---------- DATA FOR ANALYSIS

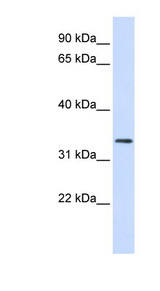 FBXO25 antibody LS-C102002 Western blot of Fetal Heart lysate.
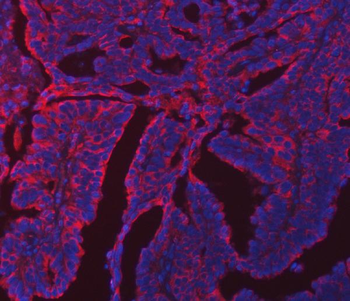 Anti-ERP29 Antibody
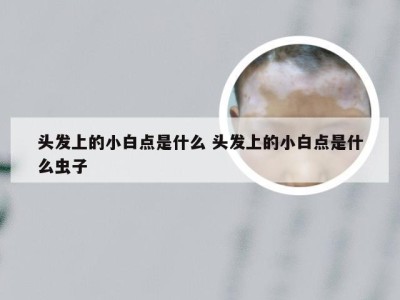 头发上的小白点是什么 头发上的小白点是什么虫子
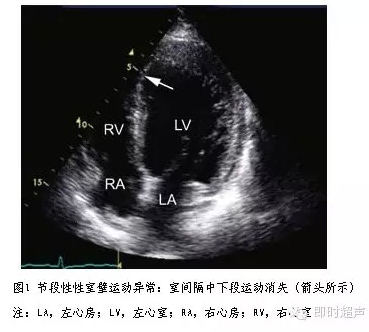 临床医生如何正确理解和解读超声心动图报告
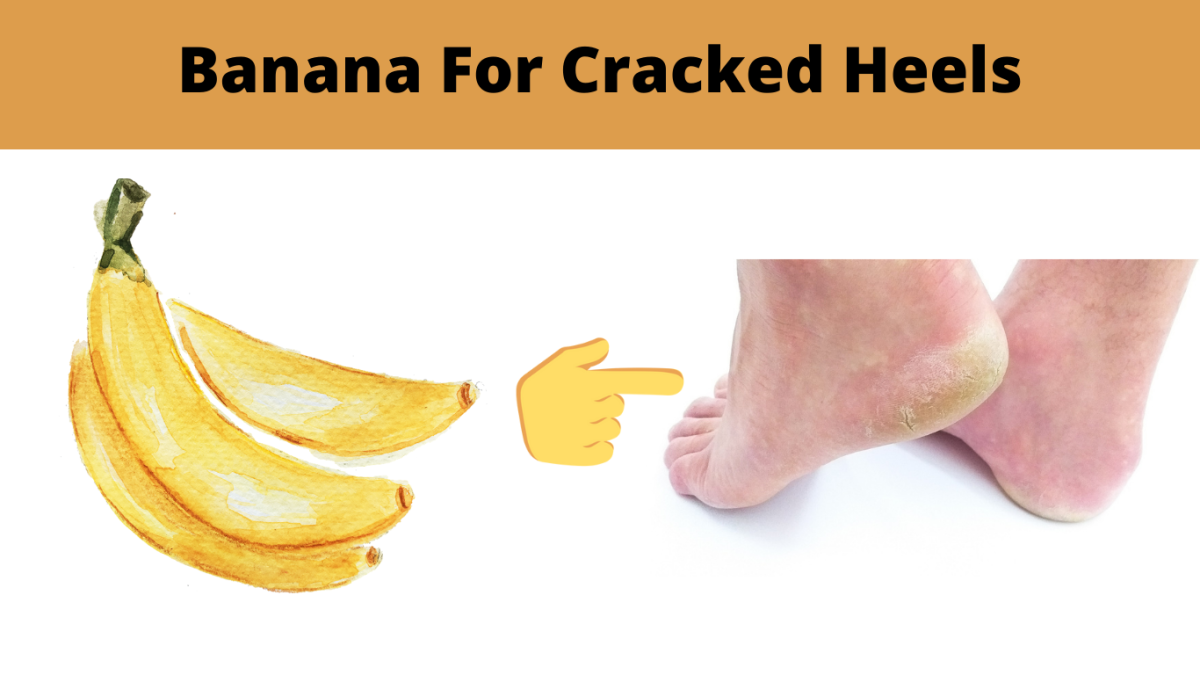 Banana for cracked heels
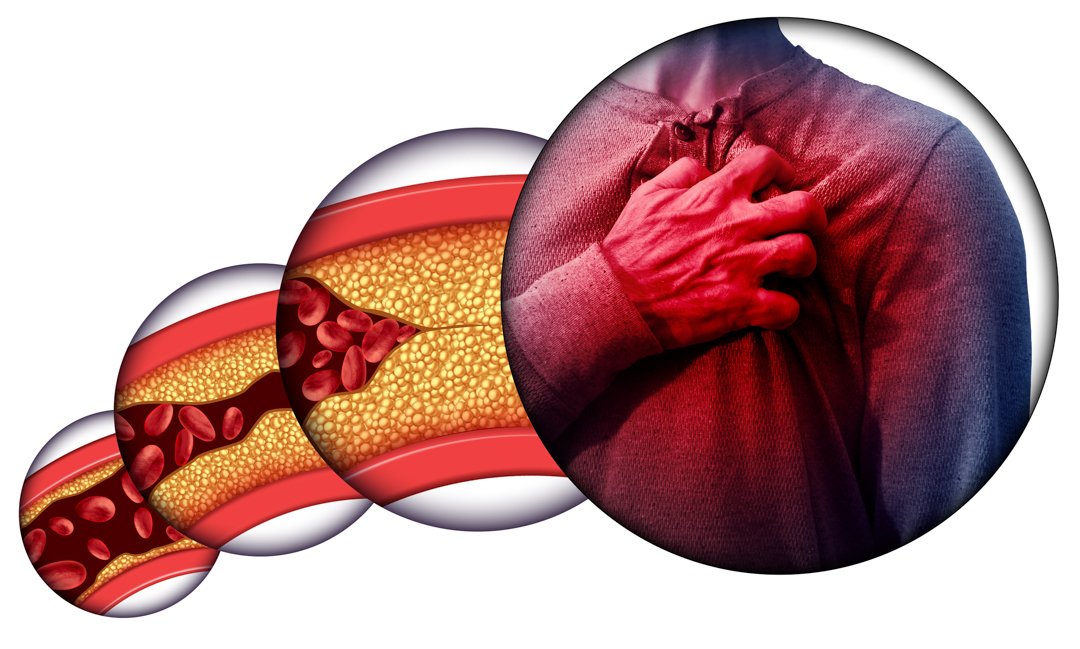 Mengenal Aterosklerosis, Penyumbatan Pembuluh Darah Penyebab Serangan Jantung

--------------------

PROBLEM STATEMENT:
Copy every record exactly, dropping the images.

RESPONSE FOR THIS EXERCISE:
 FBXO25 antibody LS-C102002 Western blot of Fetal Heart lysate.
 Anti-ERP29 Antibody
 头发上的小白点是什么 头发上的小白点是什么虫子
 临床医生如何正确理解和解读超声心动图报告
 Banana for cracked heels
 Mengenal Aterosklerosis, Penyumbatan Pembuluh Darah Penyebab Serangan Jantung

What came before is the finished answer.